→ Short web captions
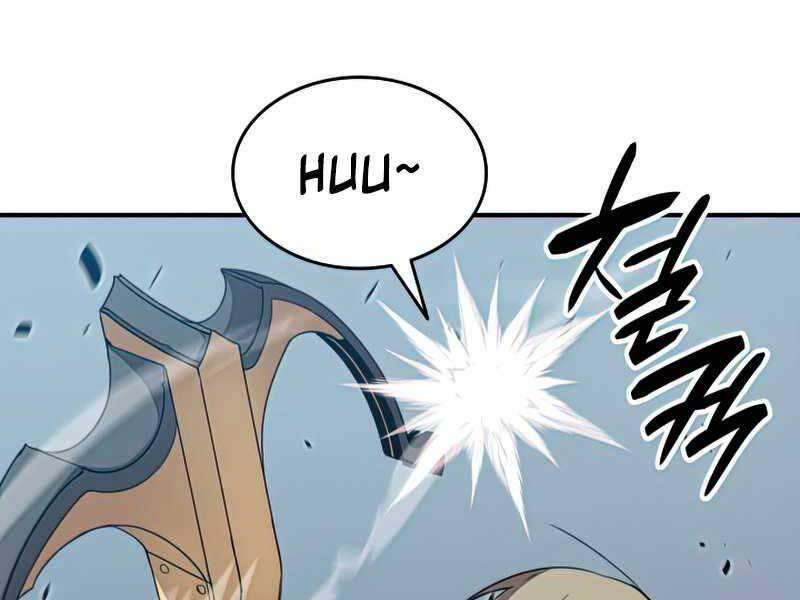 Tôi Là Lính Mới Chap 109 - Next Chap 110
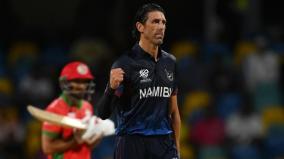 namibia-won-oman-in-super-over-match-tied-t20-wc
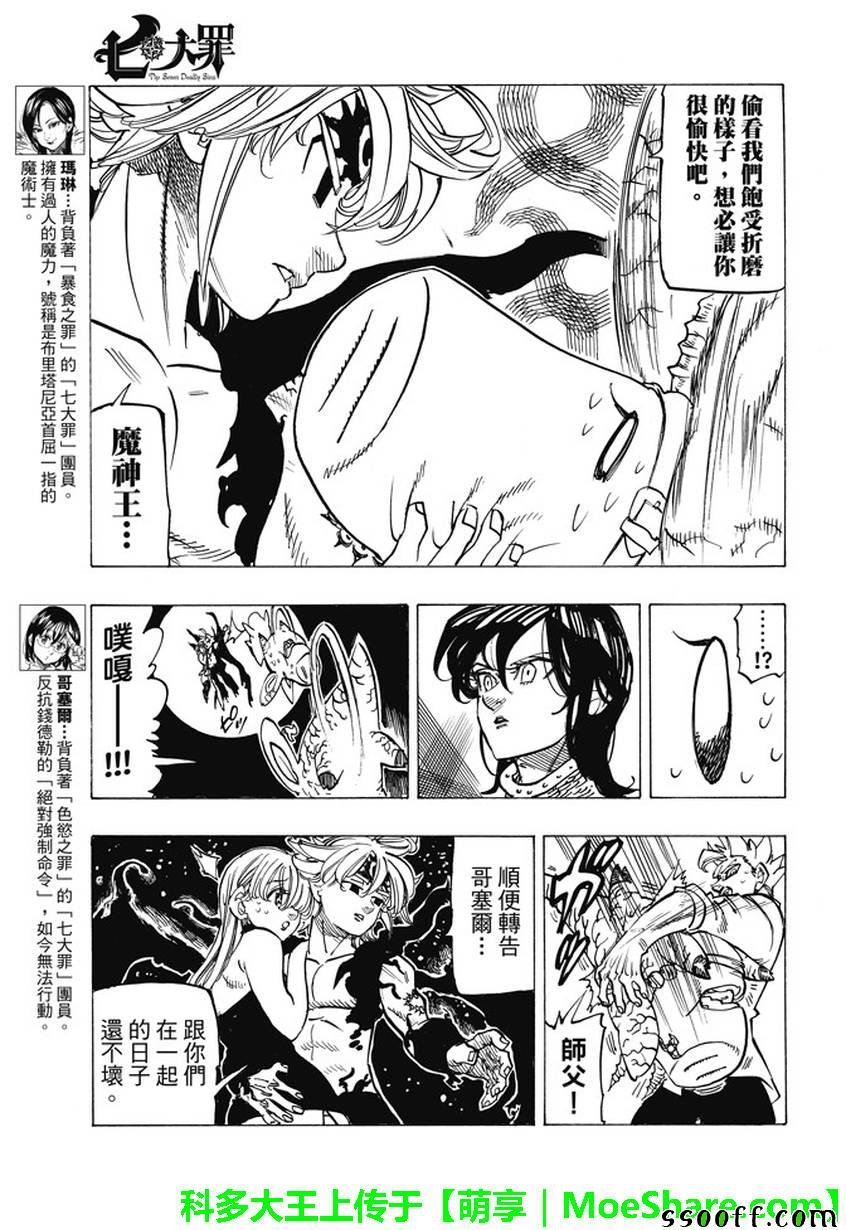 第243话
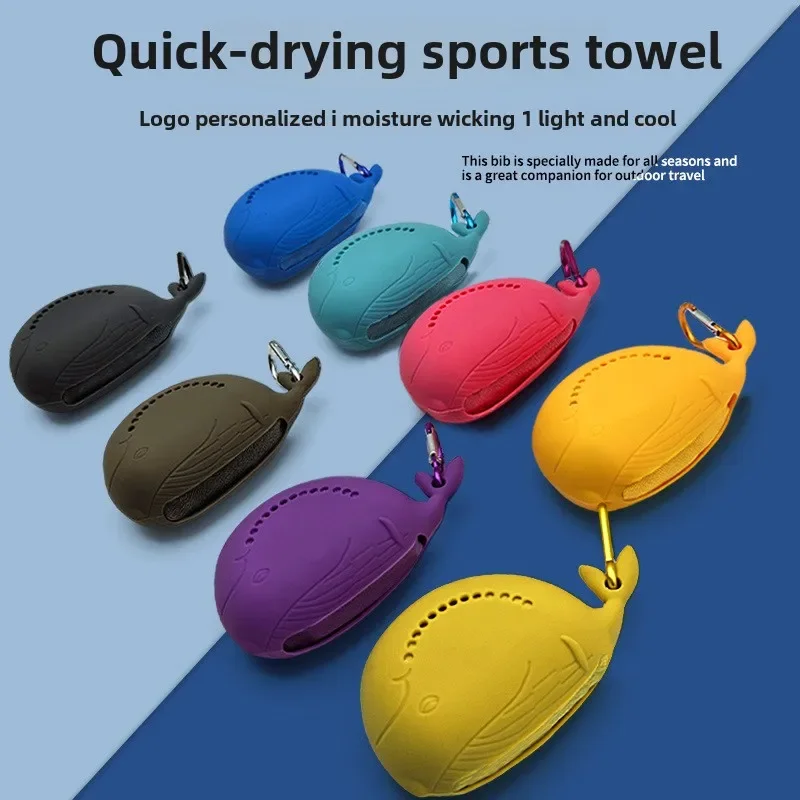 

Quick-drying microfiber sports towel for easy storage and super absorbent fitness/camping towel sports/beach/travel towel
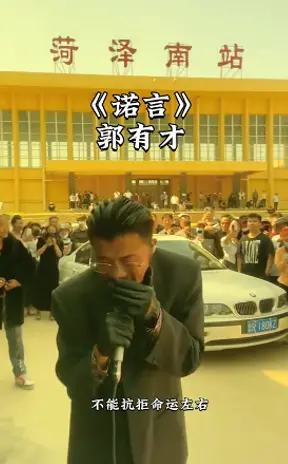 △一首《诺言》，让郭有才的粉丝直接突破千万。（图/哔哩哔哩）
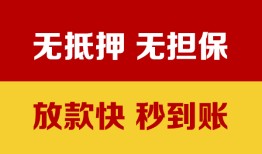 深圳38小额私人借贷-深圳38哪里可以私人借款-深圳38无抵押私人贷款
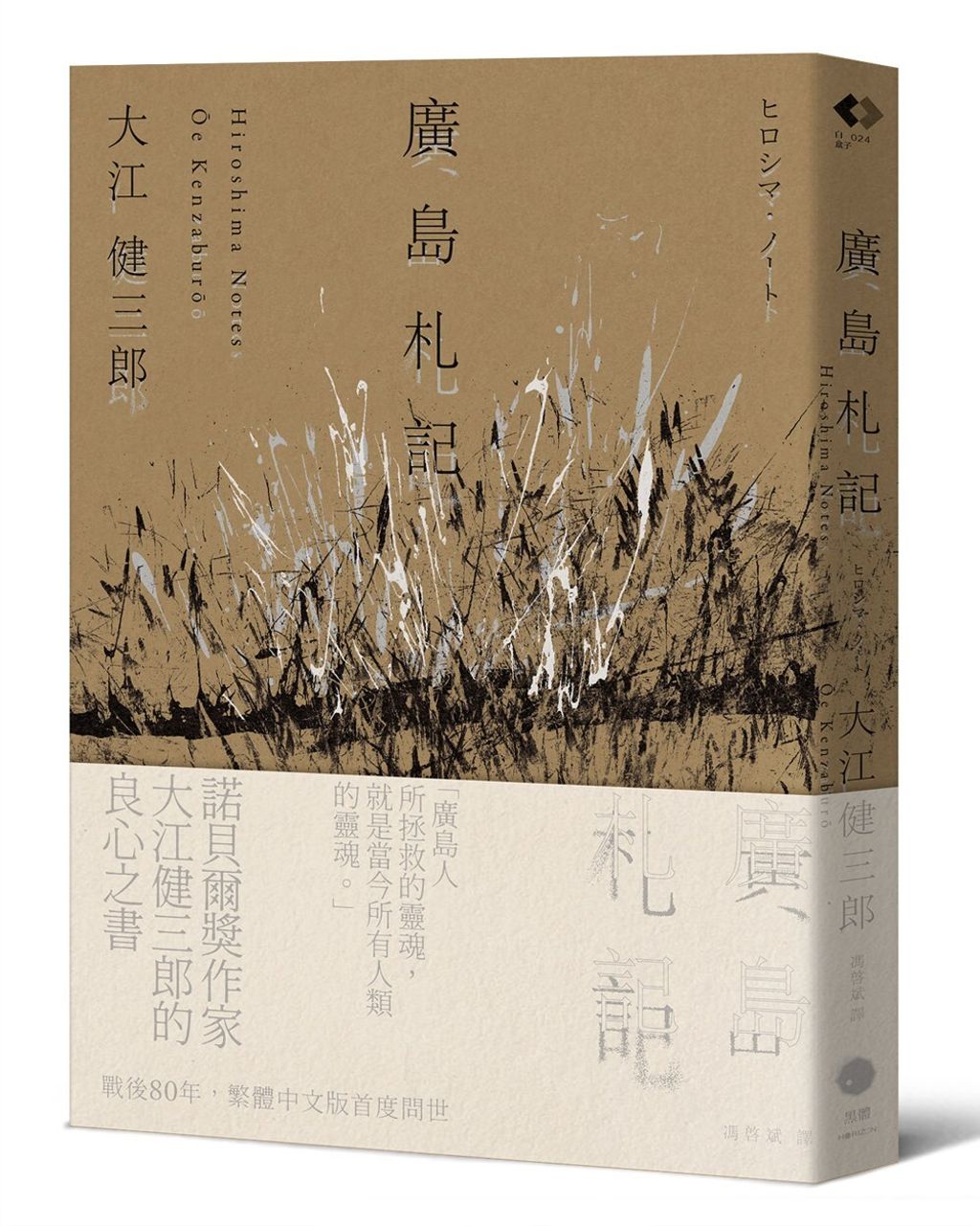 books_nobel_literature_021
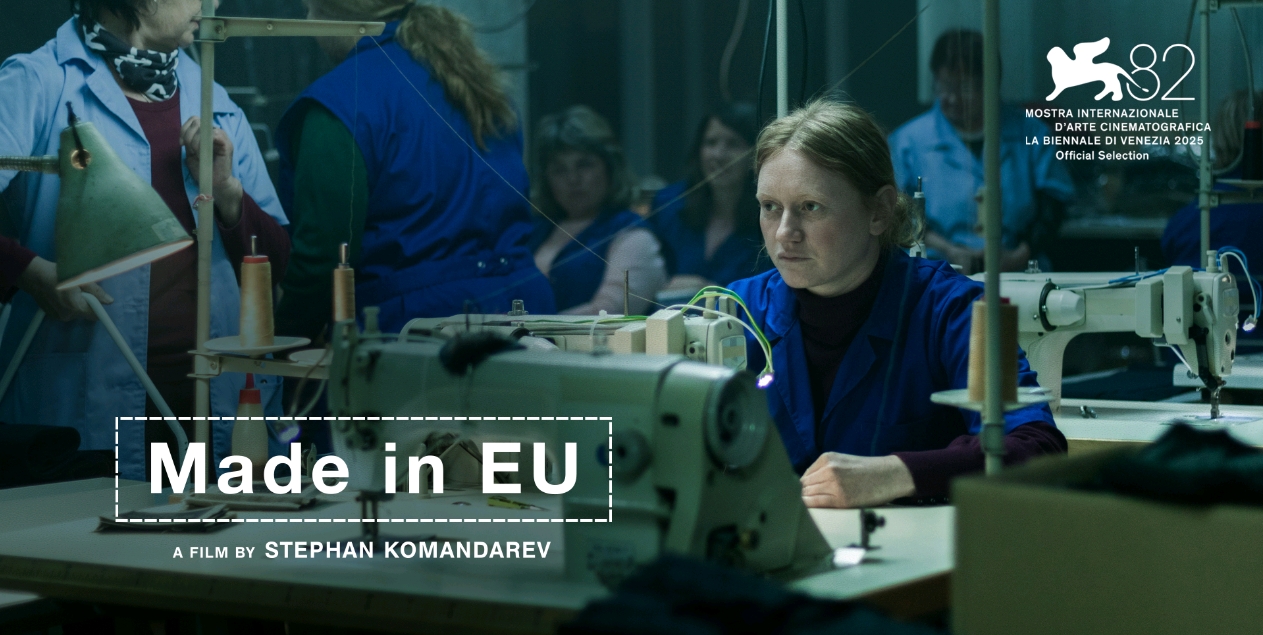 “MADE IN EU” СЪС СВЕТОВНА ПРЕМИЕРА ВЪВ ВЕНЕЦИЯ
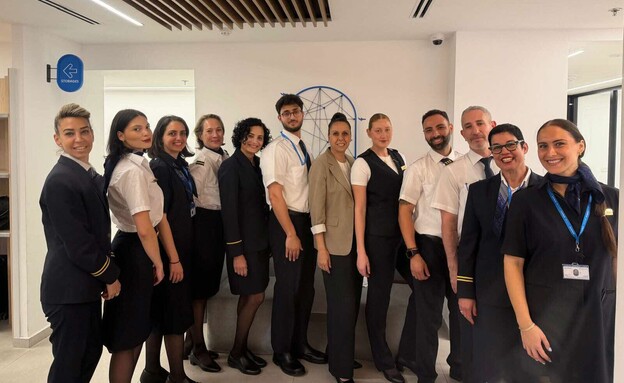 דיילים אל על 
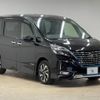 nissan serena 2021 -NISSAN--Serena 6AA-HFC27--HFC27-120150---NISSAN--Serena 6AA-HFC27--HFC27-120150- image 14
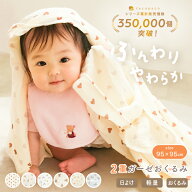 【1280円→1088円クーポン使用で 9/13 23:59迄】 2重ガーゼ おくるみ ガーゼ 新生児 出産準備 ダブルガー…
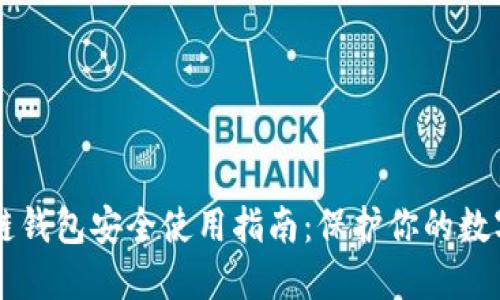 区块链钱包安全使用指南：保护你的数字资产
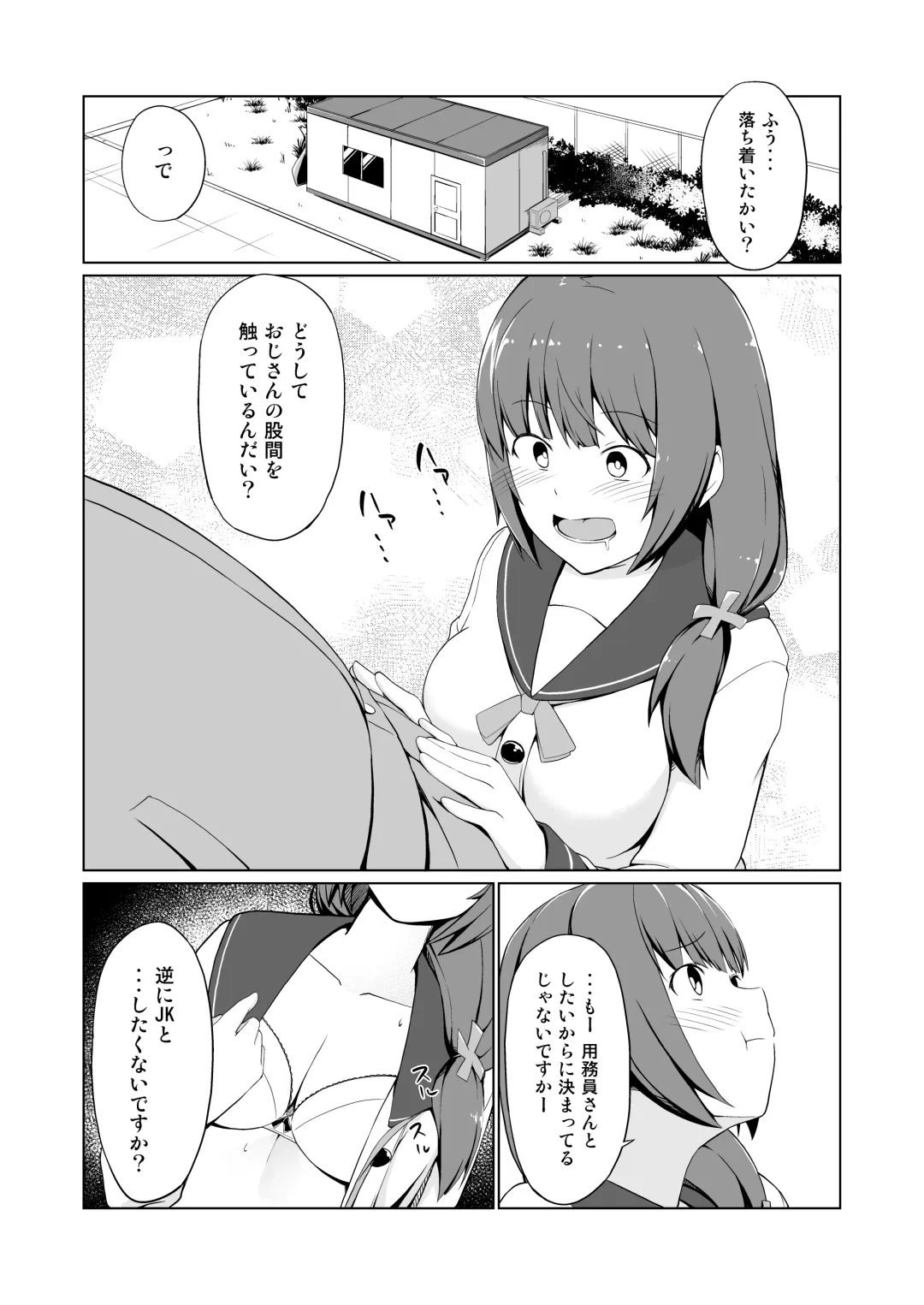 [Bef] Hatsujou Scheme Fhentai - Page 10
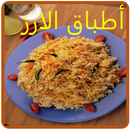 أطباق الأرز APK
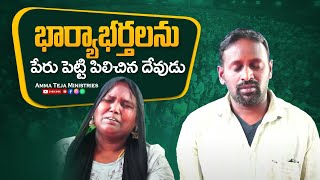 భార్యాభర్తలను పేరు పెట్టి పిలిచిన దేవుడు || Amma Teja Ministries #pastorammateja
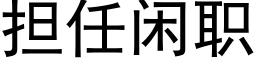 擔任閑職 (黑體矢量字庫)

→ Brief
Leave every picture out. Retype the remaining data exactly.

→ Solution for this task
 Tôi Là Lính Mới Chap 109 - Next Chap 110
 namibia-won-oman-in-super-over-match-tied-t20-wc
 第243话

Quick-drying microfiber sports towel for easy storage and super absorbent fitness/camping towel sports/beach/travel towel
 △一首《诺言》，让郭有才的粉丝直接突破千万。（图/哔哩哔哩）
 深圳38小额私人借贷-深圳38哪里可以私人借款-深圳38无抵押私人贷款
 books_nobel_literature_021
 “MADE IN EU” СЪС СВЕТОВНА ПРЕМИЕРА ВЪВ ВЕНЕЦИЯ
 דיילים אל על 
 nissan serena 2021 -NISSAN--Serena 6AA-HFC27--HFC27-120150---NISSAN--Serena 6AA-HFC27--HFC27-120150- image 14
 【1280円→1088円クーポン使用で 9/13 23:59迄】 2重ガーゼ おくるみ ガーゼ 新生児 出産準備 ダブルガー…
 区块链钱包安全使用指南：保护你的数字资产
 [Bef] Hatsujou Scheme Fhentai - Page 10
 أطباق الأرز APK
 భార్యాభర్తలను పేరు పెట్టి పిలిచిన దేవుడు || Amma Teja Ministries #pastorammateja
 擔任閑職 (黑體矢量字庫)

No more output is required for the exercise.